[Saved entries]
---

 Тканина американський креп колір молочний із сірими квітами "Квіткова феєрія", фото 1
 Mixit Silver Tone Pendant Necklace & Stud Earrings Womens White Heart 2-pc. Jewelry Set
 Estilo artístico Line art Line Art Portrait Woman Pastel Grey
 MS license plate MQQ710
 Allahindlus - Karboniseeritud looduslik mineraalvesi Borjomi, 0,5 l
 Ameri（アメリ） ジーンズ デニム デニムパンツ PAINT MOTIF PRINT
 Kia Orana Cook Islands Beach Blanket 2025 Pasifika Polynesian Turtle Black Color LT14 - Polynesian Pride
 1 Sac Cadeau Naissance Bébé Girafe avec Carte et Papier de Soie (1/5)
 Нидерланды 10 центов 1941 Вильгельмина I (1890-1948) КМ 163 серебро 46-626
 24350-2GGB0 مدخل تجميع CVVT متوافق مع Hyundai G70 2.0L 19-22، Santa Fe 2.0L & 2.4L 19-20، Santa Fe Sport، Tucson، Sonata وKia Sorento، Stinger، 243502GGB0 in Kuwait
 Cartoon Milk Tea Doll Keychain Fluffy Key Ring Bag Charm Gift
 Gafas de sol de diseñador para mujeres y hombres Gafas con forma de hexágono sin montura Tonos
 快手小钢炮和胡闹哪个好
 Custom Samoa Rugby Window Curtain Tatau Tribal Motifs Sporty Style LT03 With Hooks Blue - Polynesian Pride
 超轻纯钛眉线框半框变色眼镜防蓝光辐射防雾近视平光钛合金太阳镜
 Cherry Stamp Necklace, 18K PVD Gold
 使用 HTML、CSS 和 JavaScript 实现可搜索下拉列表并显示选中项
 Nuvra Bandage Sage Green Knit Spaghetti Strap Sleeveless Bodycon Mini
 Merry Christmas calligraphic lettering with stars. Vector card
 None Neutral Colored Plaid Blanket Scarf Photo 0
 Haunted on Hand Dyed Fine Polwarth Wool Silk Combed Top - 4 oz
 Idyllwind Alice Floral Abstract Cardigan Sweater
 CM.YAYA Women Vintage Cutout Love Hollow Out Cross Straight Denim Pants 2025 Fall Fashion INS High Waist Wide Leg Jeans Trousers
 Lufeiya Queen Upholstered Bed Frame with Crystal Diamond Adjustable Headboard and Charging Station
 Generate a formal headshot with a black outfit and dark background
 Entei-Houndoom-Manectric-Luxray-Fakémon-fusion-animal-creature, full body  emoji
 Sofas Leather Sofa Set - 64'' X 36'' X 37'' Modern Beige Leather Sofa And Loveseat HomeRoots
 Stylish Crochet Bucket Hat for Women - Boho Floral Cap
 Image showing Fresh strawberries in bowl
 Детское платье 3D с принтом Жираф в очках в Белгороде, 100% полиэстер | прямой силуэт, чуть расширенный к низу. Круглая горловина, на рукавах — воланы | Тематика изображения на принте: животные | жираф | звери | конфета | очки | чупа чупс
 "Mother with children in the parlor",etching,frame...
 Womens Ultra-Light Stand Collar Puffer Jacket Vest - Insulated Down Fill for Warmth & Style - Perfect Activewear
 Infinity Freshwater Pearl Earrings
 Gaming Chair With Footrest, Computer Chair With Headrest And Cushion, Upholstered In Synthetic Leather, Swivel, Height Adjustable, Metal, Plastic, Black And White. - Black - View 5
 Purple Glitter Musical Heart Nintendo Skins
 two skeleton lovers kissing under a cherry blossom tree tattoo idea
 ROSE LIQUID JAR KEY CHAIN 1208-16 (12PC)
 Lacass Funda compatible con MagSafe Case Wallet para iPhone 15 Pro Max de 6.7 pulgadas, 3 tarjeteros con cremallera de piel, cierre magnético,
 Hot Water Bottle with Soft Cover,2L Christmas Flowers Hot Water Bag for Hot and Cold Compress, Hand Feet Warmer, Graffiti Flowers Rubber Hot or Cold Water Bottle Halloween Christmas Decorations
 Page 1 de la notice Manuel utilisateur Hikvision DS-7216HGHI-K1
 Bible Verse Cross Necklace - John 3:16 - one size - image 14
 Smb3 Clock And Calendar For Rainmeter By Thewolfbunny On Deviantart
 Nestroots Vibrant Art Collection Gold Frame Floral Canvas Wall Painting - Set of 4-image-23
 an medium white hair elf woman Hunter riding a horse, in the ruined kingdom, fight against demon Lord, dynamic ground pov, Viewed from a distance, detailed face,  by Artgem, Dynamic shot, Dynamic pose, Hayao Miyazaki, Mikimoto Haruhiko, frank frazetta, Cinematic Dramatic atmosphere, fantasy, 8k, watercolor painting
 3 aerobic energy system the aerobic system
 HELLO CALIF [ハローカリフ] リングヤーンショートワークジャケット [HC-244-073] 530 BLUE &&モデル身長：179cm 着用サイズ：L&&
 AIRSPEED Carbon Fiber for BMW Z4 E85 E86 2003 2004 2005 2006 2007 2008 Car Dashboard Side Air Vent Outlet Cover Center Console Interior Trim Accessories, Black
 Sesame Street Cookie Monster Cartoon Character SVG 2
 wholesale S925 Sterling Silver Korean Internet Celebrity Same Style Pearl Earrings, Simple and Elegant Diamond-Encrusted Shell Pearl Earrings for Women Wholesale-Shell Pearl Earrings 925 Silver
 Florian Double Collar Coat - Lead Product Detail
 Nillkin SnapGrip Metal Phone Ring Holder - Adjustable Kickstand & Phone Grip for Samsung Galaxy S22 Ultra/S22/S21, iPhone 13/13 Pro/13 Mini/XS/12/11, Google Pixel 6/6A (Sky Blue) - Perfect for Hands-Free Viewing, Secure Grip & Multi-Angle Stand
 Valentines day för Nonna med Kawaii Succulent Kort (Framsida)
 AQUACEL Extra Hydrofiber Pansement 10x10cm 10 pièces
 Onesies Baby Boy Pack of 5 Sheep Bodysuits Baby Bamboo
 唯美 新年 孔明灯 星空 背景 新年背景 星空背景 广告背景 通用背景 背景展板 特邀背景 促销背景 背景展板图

---

Find the word "Floral" in the entries. Copy each line that holds it.

 Idyllwind Alice Floral Abstract Cardigan Sweater
 Stylish Crochet Bucket Hat for Women - Boho Floral Cap
 Nestroots Vibrant Art Collection Gold Frame Floral Canvas Wall Painting - Set of 4-image-23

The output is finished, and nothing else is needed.